The family often spent their summers at the beach in Amanohashidate and, as Takahiro recalled, Bantsuma would splash around in the water, even more excited than his brothers. He also spoke of the memory of his father’s reaction to the results of his junior high school examination. Too nervous to go to the school and check, the good news was delivered by the teacher. Takahiro distinctly remembered his father bounding down the stairs and bowing in front of the teacher till his forehead touched the floor, almost as if shooting a scene from one of his jidaigeki films.

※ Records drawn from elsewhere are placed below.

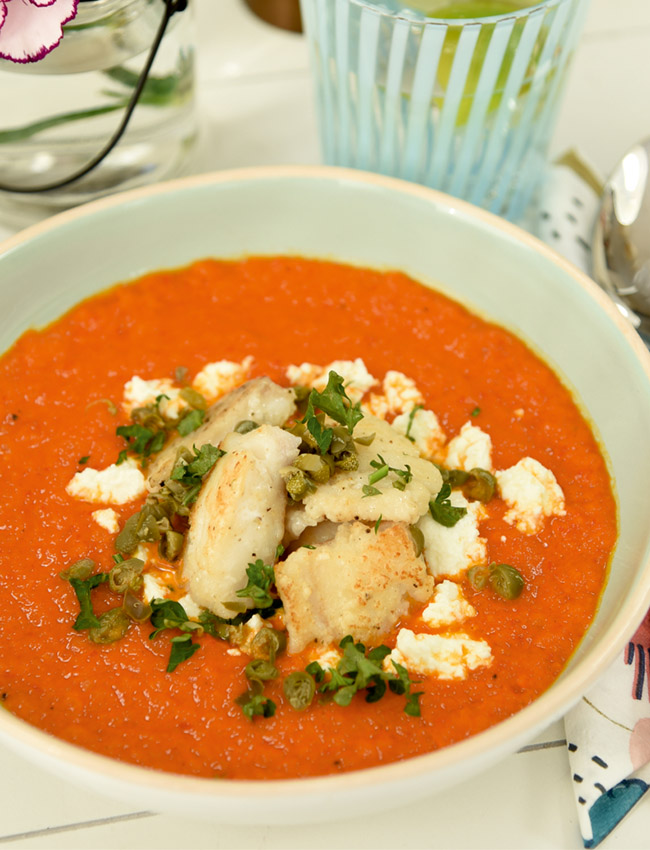 Trinta pomidorų sriuba su kepta skorpionžuve, fetos sūriu ir kaparėliais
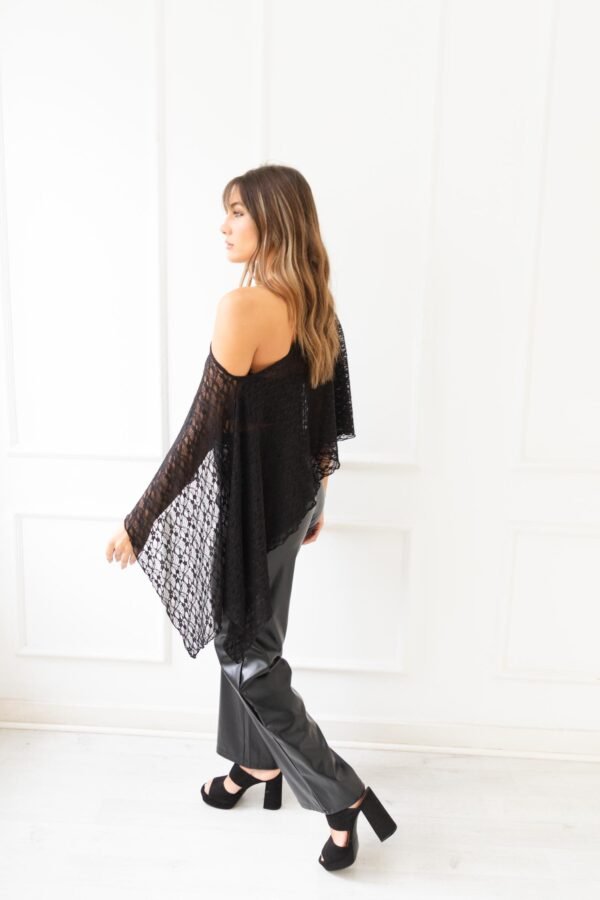 PONCHO BARBARA ENCAJE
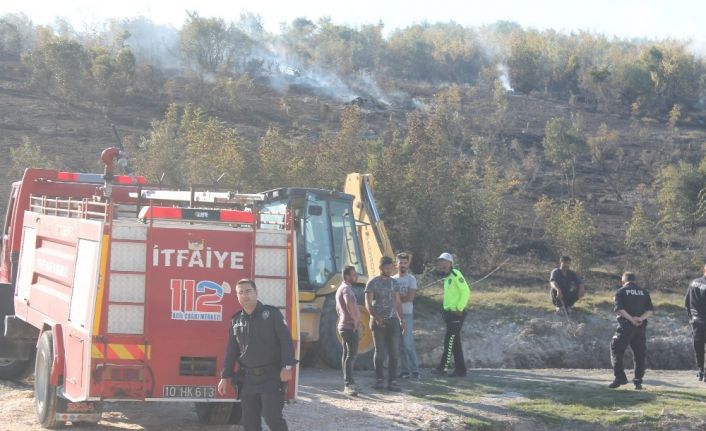 Otları yakmak istedi, 15 dönüm makilik alanı yaktı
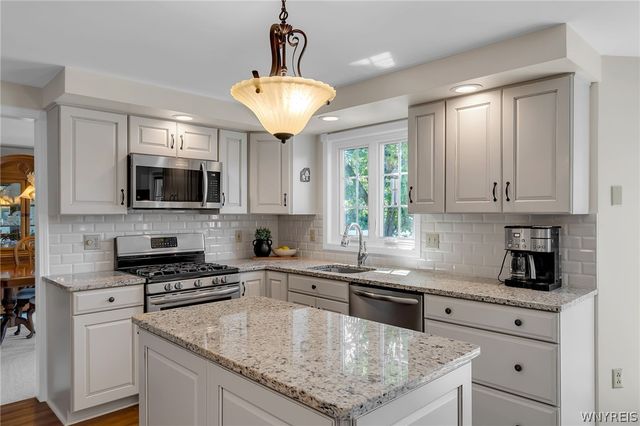 5856 Forest Creek Dr, Clarence, NY 14051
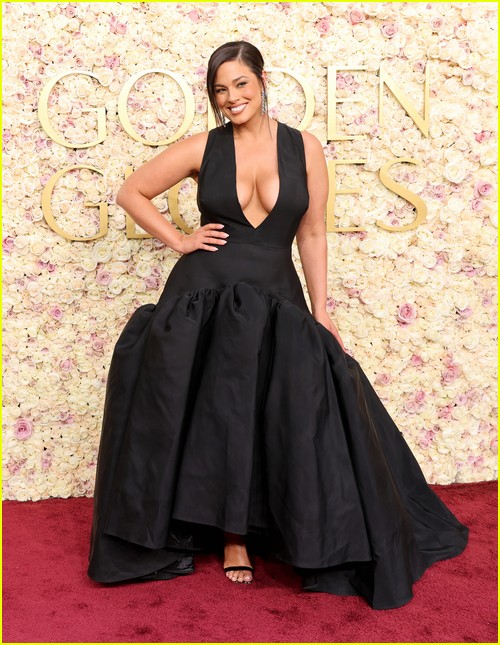 Red carpet correspondent Ashley Graham at the Golden Globes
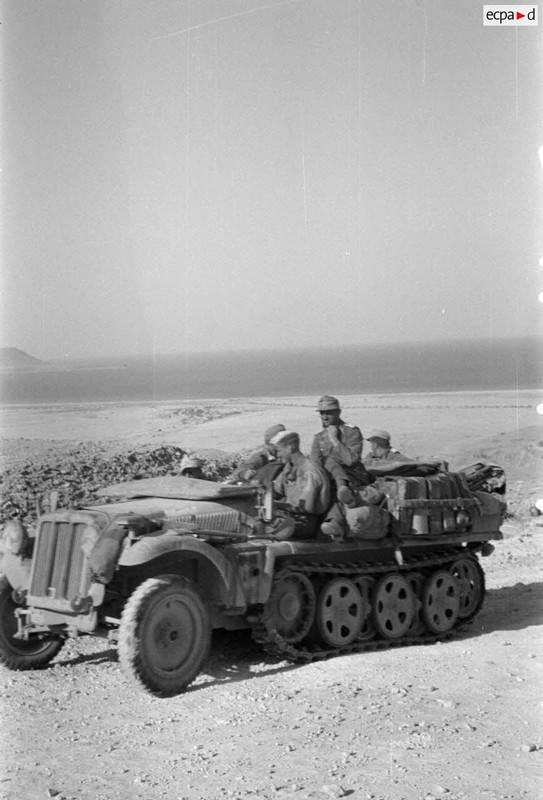 Un semi-chenillé Sd.kfz.10 progresse vers le col d'Halfaya.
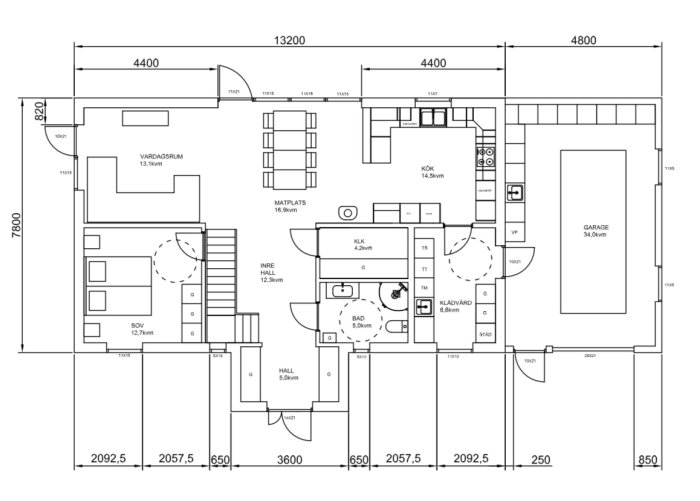 Arkitektonisk planritning av ett hus inklusive rum, mått och garage.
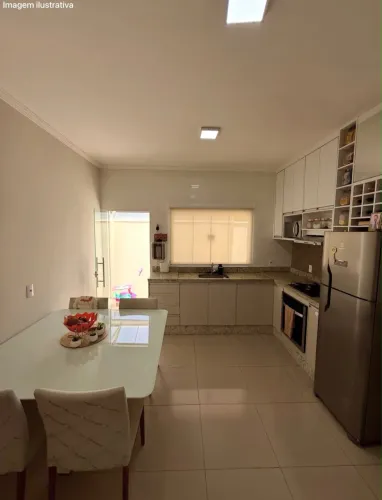CASA 3 QUARTOS - BAIRRO EM SOROCABA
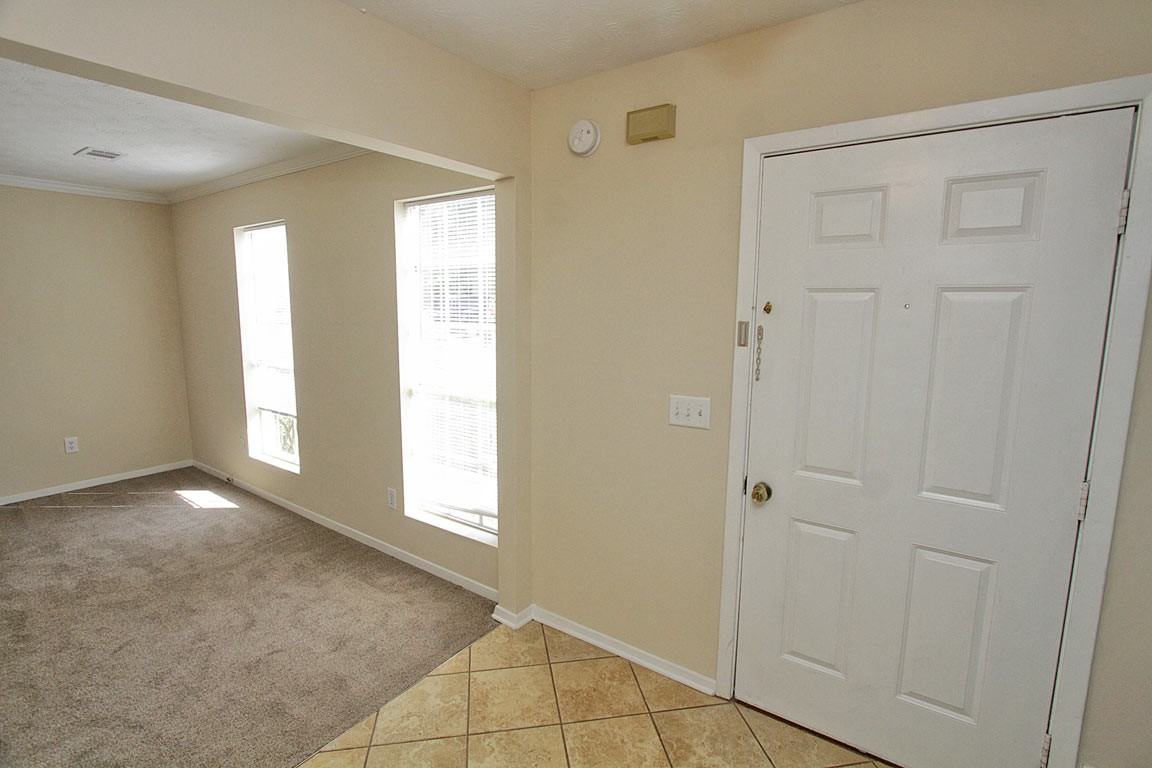 210 Arborfield Way - Photo 2 of 31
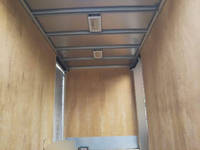 三菱ふそうキャンターアルミバン小型（2t・3t）[写真04]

Many people[who?] think that Bantsuma’s true nature can be seen in Yabure Daiko (1949), where he plays the role of a tyrannical man feared by his family. He was the complete opposite, always putting his family first. The role he played in Abare Jishi of a father who would do anything for his children is a more accurate representation of Bantsuma, who was an affectionate and well-rounded family man. However, Bantsuma’s dedication to his work was also strong, and he returned to the set, ready to work, the day after his wedding.
Later Film Career
It seems that Bantsuma’s sensitivity was beginning to make its way into the work he was producing. A year after entering Nikkatsu, Bantsuma co-starred with Kataoka Chiezo in the all-star film, Chushingura (1938). Playing the role of Kuranosuke Oishi, Bantsuma displayed his perfected acting skills with his powerful performance. Then in 1943 he starred in the film Muho matsu no Issho, playing a poor rickshaw man. It was a role that would not normally have been taken on by such a great star but director Hiroshi Inagaki, whom Bantsuma had previously worked with, was determined to get him on board. After initially turning down the role, Bantsuma finally agreed and went on to play a role with a profound humanistic approach that lent great depth to both the character and the movie. In preparation for the role of the poor rickshaw man, Bantsuma stayed in character even whilst at home. His first son, Takahiro Tamura described watching his father eat dried fish and drink sake in the style of the character of the film.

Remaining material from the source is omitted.